++++ DATA BELOW

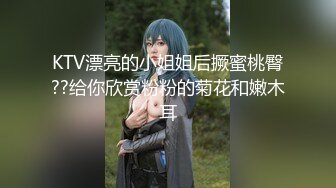 【新片速遞 】公园女厕偷窥热裤少妇的黑鲍鱼⭐黑逼缝张着大口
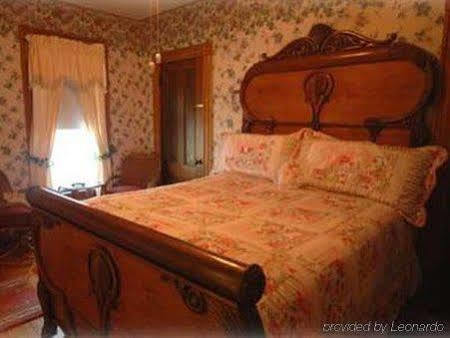 The Lion And The Rose Bed & Breakfast Bed & Breakfast Whitefield Room photo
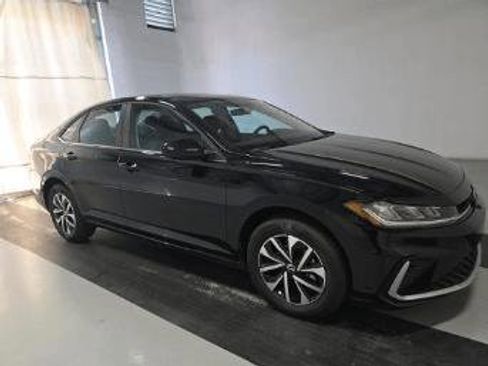 Used 2025 Volkswagen Jetta S image 3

++++++++

TASK TO CARRY OUT:
Give an exact copy of the data, and omit any pictures it holds.

SOLVED EXERCISE:
 【新片速遞 】公园女厕偷窥热裤少妇的黑鲍鱼⭐黑逼缝张着大口
 The Lion And The Rose Bed & Breakfast Bed & Breakfast Whitefield Room photo
 Used 2025 Volkswagen Jetta S image 3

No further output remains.